It seems to me that apple will resist having wi-fi in the ipod because it would break their grip on the interface to the ipod. They have a great revenue stream with all of the third party gadgets that connect to the dock connector and if they gave the ipod a meaningful wi-fi connection, it would be a lot easier to make such additions without paying a licensing fee to apple. It would be nice though...
This is all a bunch of what-ifs! We don't know if Apple is doing any of this, just that they could.
For many of the same features being described in the future video iPods, check out the Archos 704. It's got the wifi, the browser, the big touch screen, the USB ports, etc. Personally, I think it's a bit big, but the features are amazing. Soem competition to keep Apple on their toes is nice to see too.
I'm the juggernaut, bitch!
Let's See:
1. iTunes Subscription Service
How many times does Steve have to say that people prefer to own their music. How many different subscription services have to loose bucket loads of money before the media stops pretending apple needs subscription services just because they don't have one? If this was such a great fucking idea, then why didn't Naptster or Yahoo or one of the others make a big profit doing it?? Very lame, Crave.

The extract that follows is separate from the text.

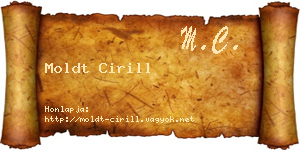 Moldt Cirill névjegykártya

2) UK iTunes Movie Downloads
Wouldn't Apple wait for the EU regulators to force the music companies to allow one EU wide Music Store before they open a country specific Movie store? I mena, really Crave.
3) Widescreen video iPod
Hey, one I agree with, although pretty damn obvious since the introduction of the iPhone.
4) Wi-Fi enabled video iPod
Hmmm... Zune has proven what a big draw a Wi-Fi enabled music player is. Those things are just flying off the shelves! Well maybe it's more their shitty DRM mania at Microsoft than something wrong with Wi-Fi. Still, how hard is it to drop your iPod in a dock to charge and sync it. We know how to share mp3's without Wi-Fi. Ever heard of a DVD burner??
5) Flash-based video iPod
6) The 100GB video iPod
Now that would be big enough to hold some serious porn. If the battery held out you'd even have time to let your buddies borrow it and have some fun too. Heck, you could even choose to carry around some actual music and some normal photos of the family too.
That would be two out of six that predictions that make some sort of sense. But only the two really obvious ones. After the iPhone demo, how bright do you have to be to know that it was also the 'future' iPod demo? How bright do you have to be to see a larger hard drive and think that Apple may use it for a video iPod hard drive? Crave... As prognosticators... You suck!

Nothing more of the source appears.